After locating the line with "2021 Jeep Grand", reproduce it and all following lines of the listing below exactly, stopping only at the final line.

**Collected material:**
┄┄┄┄┄┄
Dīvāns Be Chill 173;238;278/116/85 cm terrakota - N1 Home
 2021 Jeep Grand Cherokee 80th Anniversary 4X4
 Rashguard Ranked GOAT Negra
┄┄┄┄┄┄
**Response to this task:**
 2021 Jeep Grand Cherokee 80th Anniversary 4X4
 Rashguard Ranked GOAT Negra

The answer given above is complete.